------ RECORDS PROVIDED
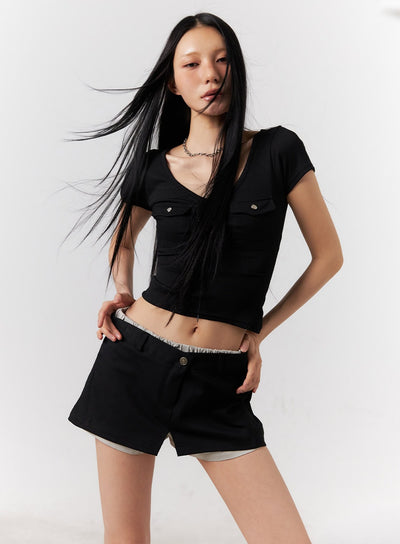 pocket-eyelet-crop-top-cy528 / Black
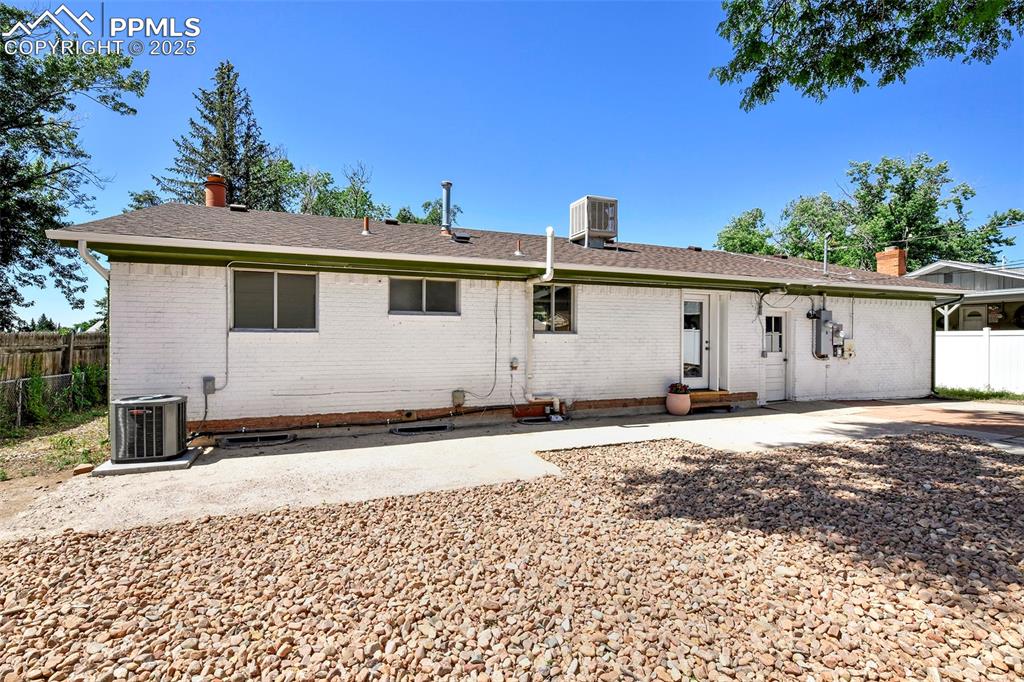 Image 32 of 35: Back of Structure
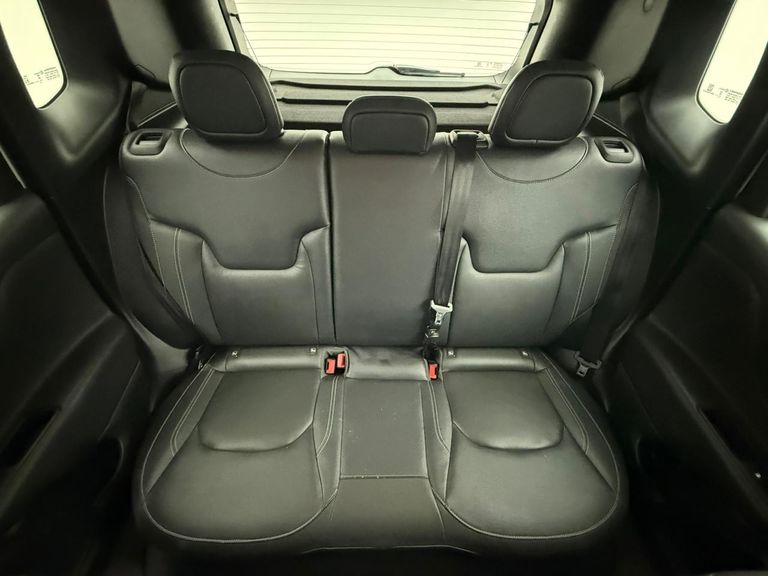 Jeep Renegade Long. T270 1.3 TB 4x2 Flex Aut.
------------
------ RECORDS PROVIDED
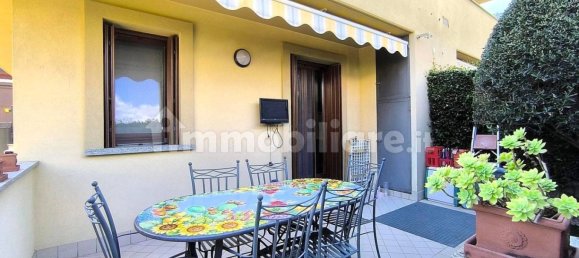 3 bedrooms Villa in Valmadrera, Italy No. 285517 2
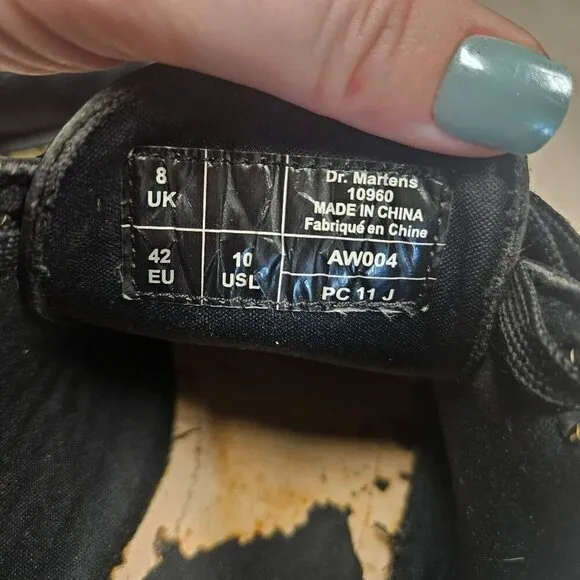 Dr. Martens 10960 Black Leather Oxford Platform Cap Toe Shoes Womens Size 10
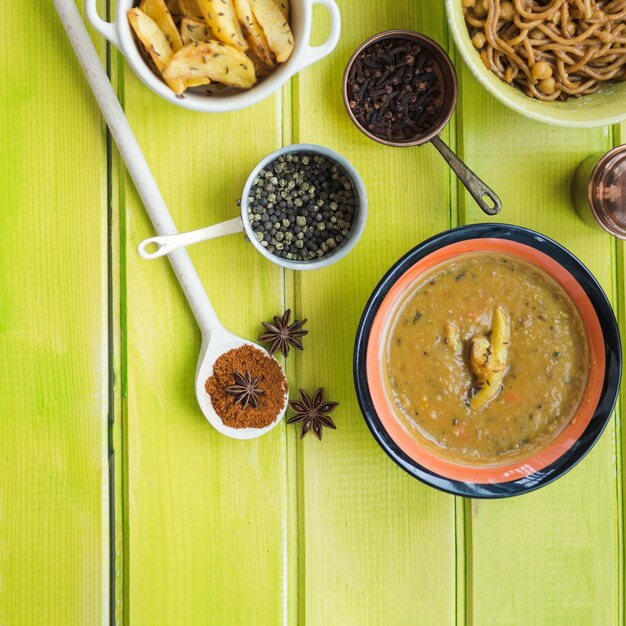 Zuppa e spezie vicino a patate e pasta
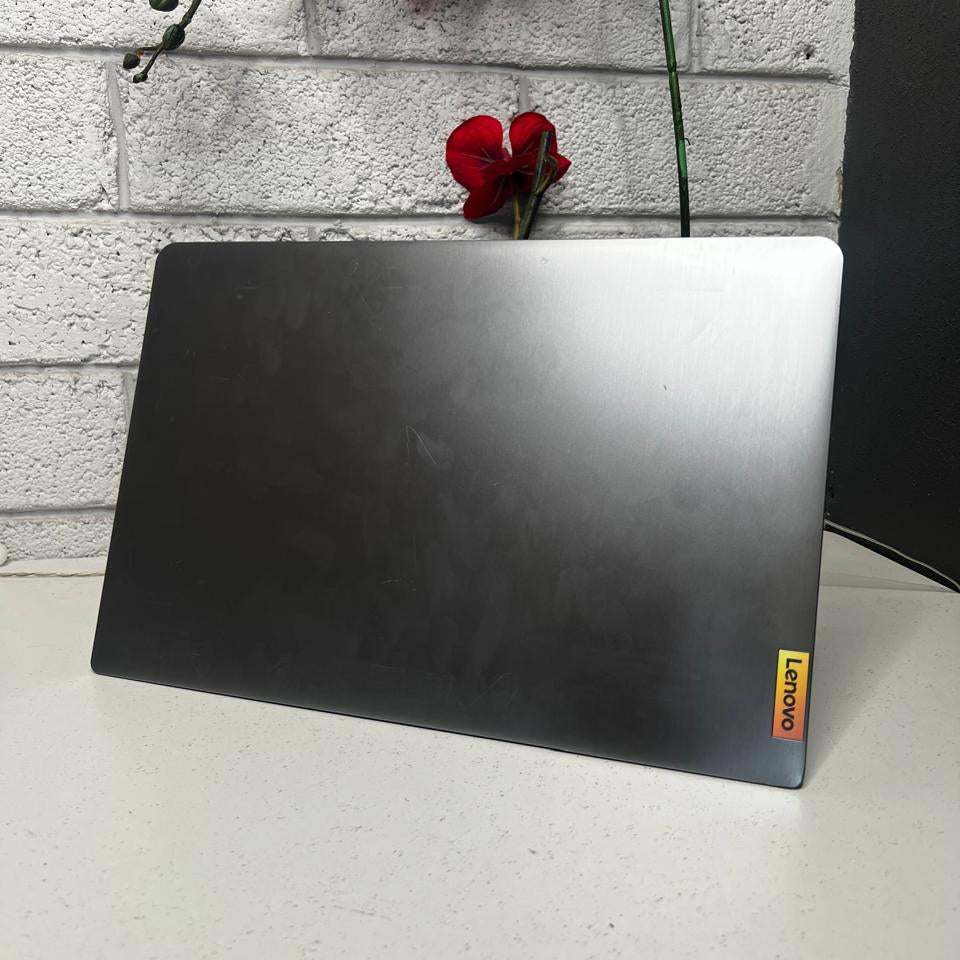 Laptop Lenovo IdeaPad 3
------------
GOAL OF THE EXERCISE: Look above for the line with "Zuppa e spezie vicino a patate e pasta", then print it and each line after it down to and including the line with "Laptop Lenovo IdeaPad 3". Leave out the pictures and keep the wording exact.

RESPONSE TO THE EXERCISE:
 Zuppa e spezie vicino a patate e pasta
 Laptop Lenovo IdeaPad 3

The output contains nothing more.